Santorini

Santorini is a small, circular archipelago of volcanic islands located in the southern Aegean Sea, about 200 km south-east from Greece's mainland.

It is also known as Thera (or Thira), forming the southernmost member of the Cyclades group of islands, with an area of approximately 73 km² (28 mi²) and a 2001 census population of 13,670. It is comprised of the Municipality of Thíra (pop. 12,440) and the Community of Oía (pop. 1,230, which includes 268 inhabitants who are actually on the offshore island of Therasia, lying to the west). They have a total land area of 90.623 km², which also includes the uninhabited islands of Nea Kameni, Palaia Kameni, Aspronisi, and Christiani (all part of the Municipality of Thira).

Santorini is essentially what remains of an enormous volcanic explosion, destroying the earliest settlements on what was formerly a single island, and leading to the creation of the current geological caldera. Its spectacular physical beauty, along with a dynamic nightlife, have made the island one of Europe's top tourist hotspots.

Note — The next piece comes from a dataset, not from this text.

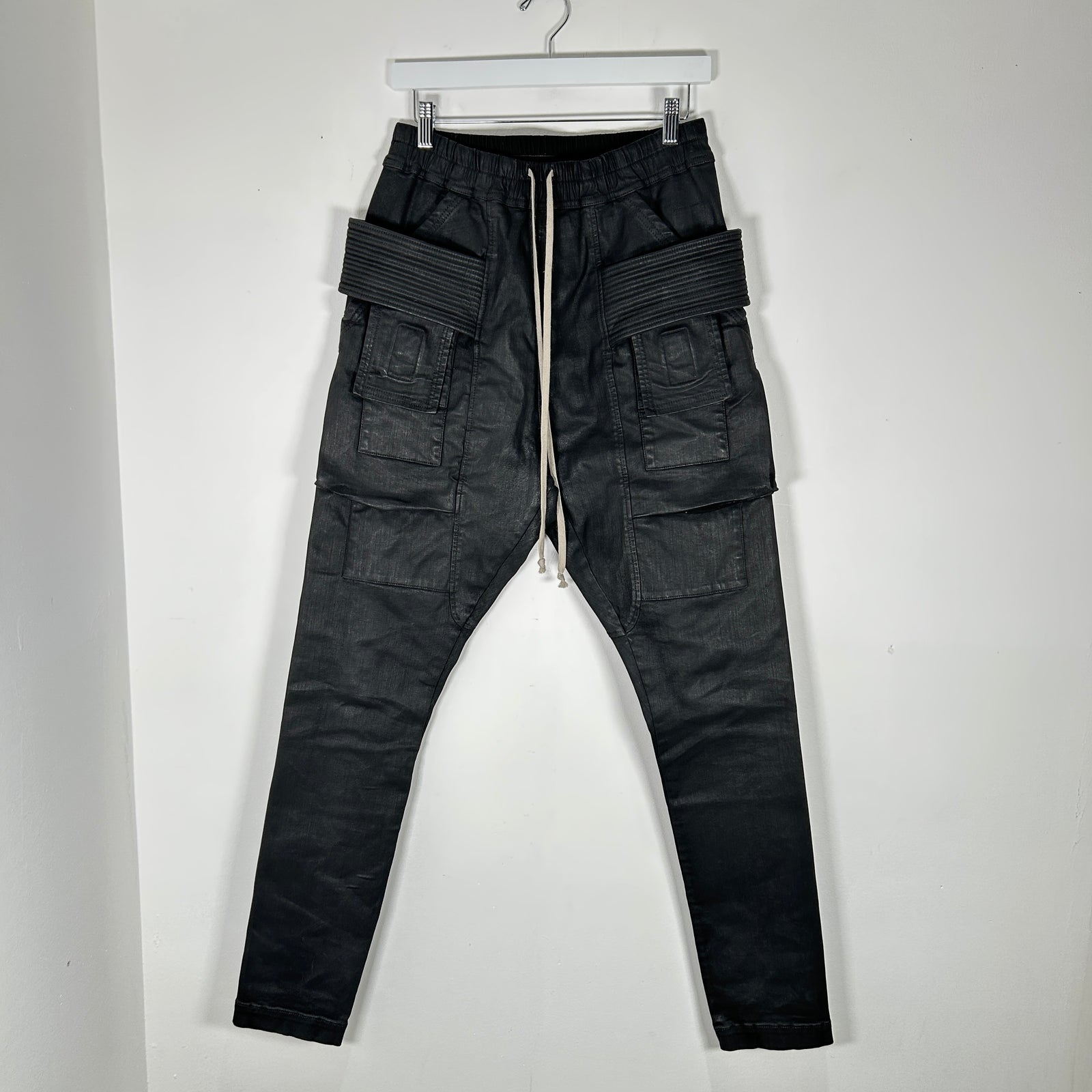 Rick Owens Waxed Creatch Cargos Size S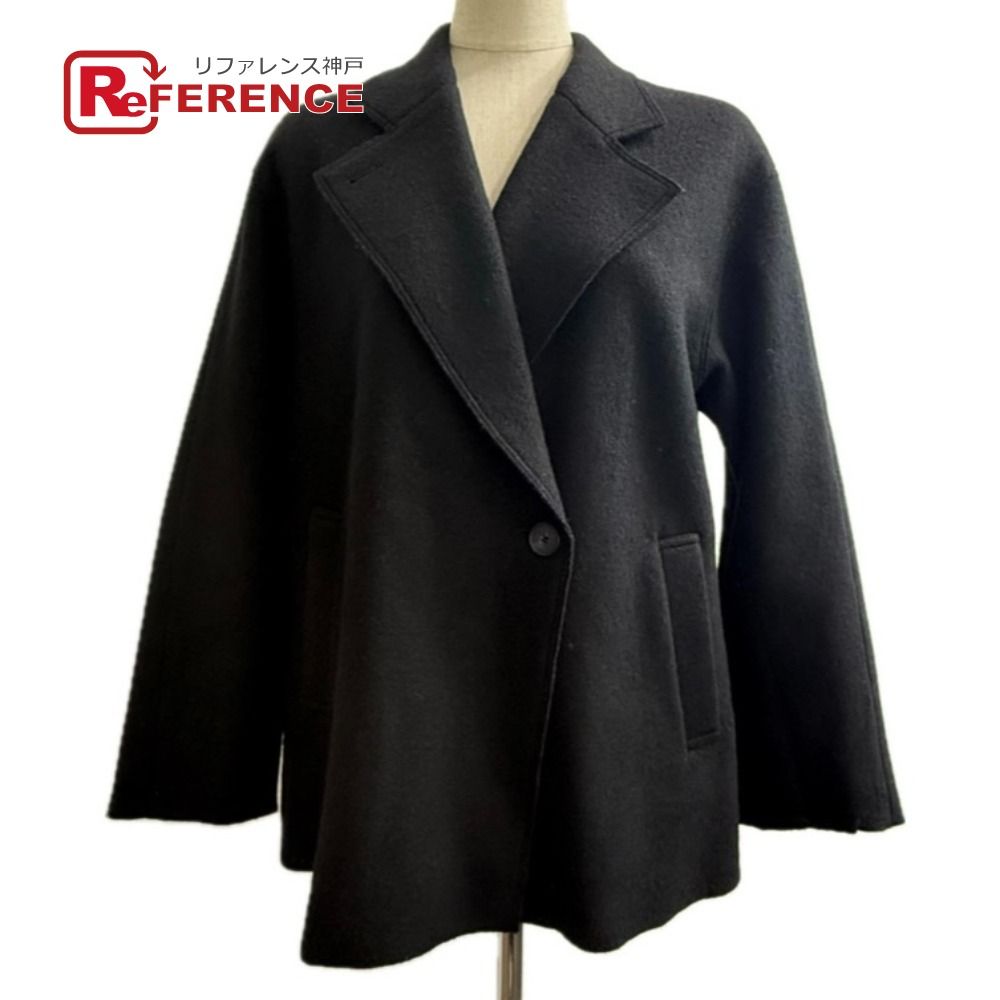 ジャケット チェスター ウール ブラック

A giant central lagoon, more or less rectangular, and measuring about 12 km by 7 km (8 mi by 4 mi), is surrounded by 300 m (984 ft) high steep cliffs on three sides. The island slopes downward from the cliffs to the surrounding Aegean Sea. On the fourth side, the lagoon is separated from the sea by another much smaller island called Therasia; the lagoon merges with the sea in two places, in the northwest and southwest. The water in the centre of the lagoon is nearly 400 m (1,300 ft) deep, thus making it a safe harbour for all kinds of shipping. The island's harbours are all in the lagoon and there are no ports on the outer perimeter of the island, and the capital, Fira, clings to the top of the cliff looking down on the lagoon.

It is the most active volcanic centre in the South Aegean Volcanic Arc, though what remains today is largely a water-filled caldera. The name Santorini was given it by the Latin empire in the thirteenth century, and is a reference to Saint Irene. Before then it was named Kallisti ("the most beautiful one"), Strongyli ("the circular one"), or Thera.

The island is the site of one of the largest volcanic eruptions the planet has ever seen: the Minoan eruption, which occurred some 3,500 years ago at the height of the Minoan civilization. The eruption left a large caldera surrounded by volcanic ash deposits hundreds of feet deep and may have led indirectly to the collapse of the Minoan civilization on the island of Crete, 110 km (70 mi) to the south, through the creation of a gigantic tsunami. Another popular theory holds that the Thera eruption is the source of the legend of Atlantis.